This is the second in our series of weekly blogs about the impact of Covid-19 on our funded partners and the role of funders in supporting them. This week’s edition focuses on how learning networks can be adapted in response to the crisis - watch this space for more blogs in the coming weeks.
COVID-19: LEARNING NETWORKS AS A PLATFORM FOR SOLIDARITY AND SHARING BETWEEN ORGANISATIONS
Covid-19 is placing unprecedented strains on the charity sector – for organisations themselves, those that work within them and, of course, those they seek to support. As funders we hold a privileged landscape view across our portfolios, and now more than ever the opportunities and potential of that position need to be utilised. There have been many encouraging responses from funders, both collectively(opens in new window) at a sector level and individually(opens in new window) in countless conversations with funded organisations on their specific activities.
In the last few weeks we have also been trying to fill a gap between these individual funding-related conversations and sector-wide initiatives. In some of our funding programmes we have existing learning networks which usually include a series of webinars, face-to-face workshops and online discussions around commonly agreed learning questions over the funding period. In response to the Covid-19 crisis we have been pivoting these learning networks to provide the space for open peer sharing and solidarity between the funded organisations. Below are some of our initial reflections on the first few of these conversations:
The value of an open, safe space
Given the current onslaught of virtual meetings and ongoing discussions amongst organisations’ own networks, we were cautious about adding yet another set of conversations to our already stretched funded partners. We have deliberately kept these group conversations optional and with no fixed agenda other than finding out how each other is and sharing experiences. We have been surprised at how positively this has been taken up by organisations and individuals given how ‘Zoomed out’ people are at the moment. Many discussions are happening under the pressure of needing to produce joint responses or agree on project adaptations. There is little opportunity to talk openly in smaller groups, so simply having a space to speak with peers from outside their usual networks, but within a trusted boundary of an existing programme, has been highly valued for people both professionally and personally.

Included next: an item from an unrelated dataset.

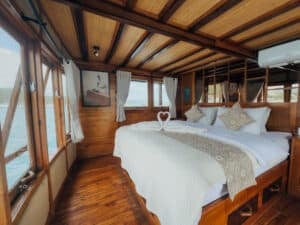 Gammara_Komodo-Liveaboard-Suite-Cabin_19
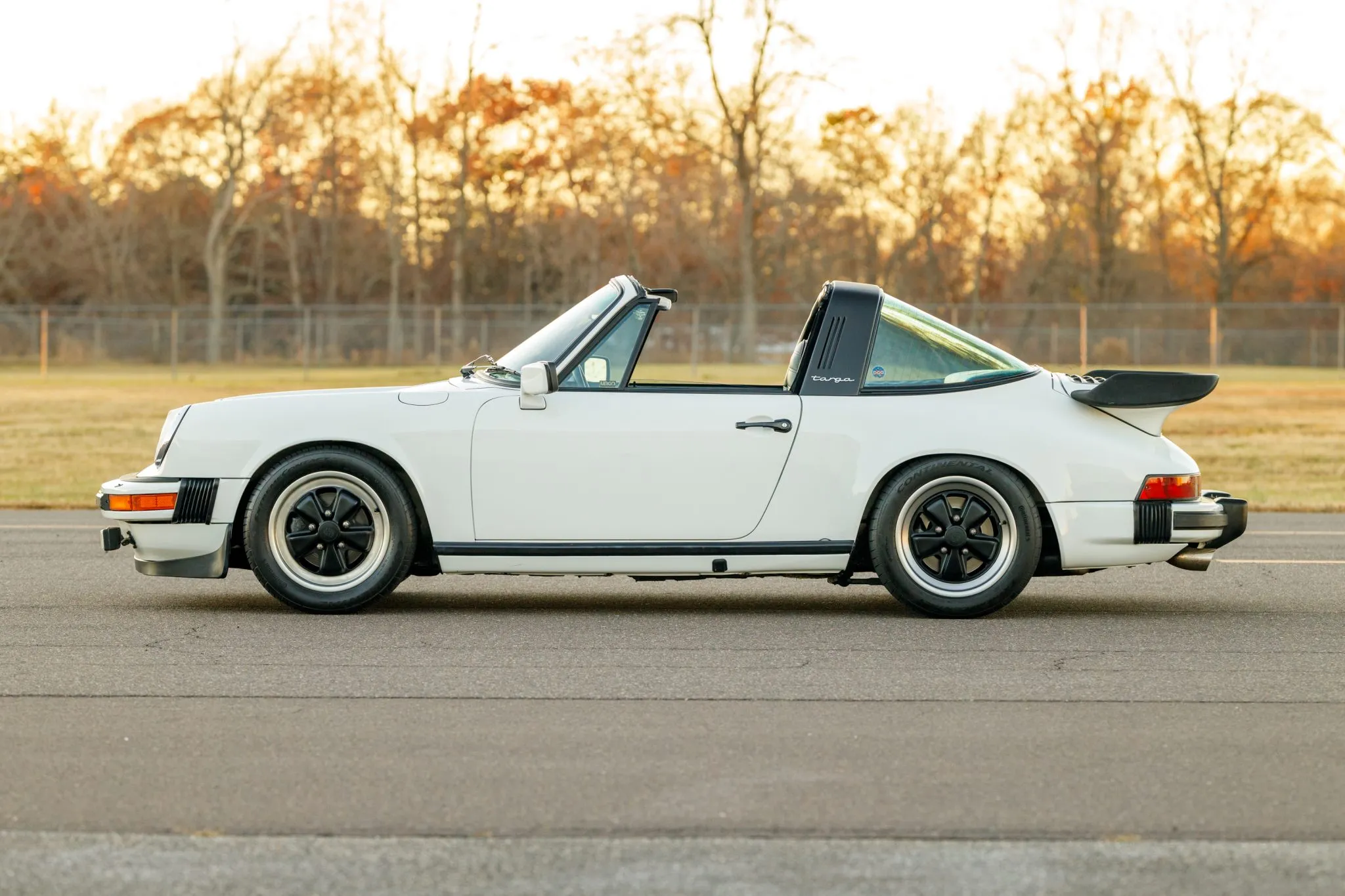 Load larger image of 1982 Porsche 911SC Targa - Stuttcars Classified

Acknowledging the power dynamic
Inevitably, as funders and funded organisations, there is a power dynamic involved in conversations. We realised that to make these group conversations as open and supportive as possible we needed to think carefully about our own role in them. Taking a step back, we handed over the running of these conversations to our learning coordinator consultants on each programme, and in some cases have completely withdrawn ourselves from the conversations to enable better peer-to-peer discussions and avoid the natural temptation to focus on questions to the funder about their individual funding.
Solidarity across differences
These programmes have been both single-country and global initiatives, and each includes a range of organisations and approaches. Given this diversity we didn’t really know how meaningful these conversations would be, but we have been struck by how useful participants have found them. They have provided peer solidarity and appreciation across borders, whilst providing new perspectives and ideas for adapting and enabling those not yet in full Covid-19 response to pick peoples’ brains in preparation for what they may have to face.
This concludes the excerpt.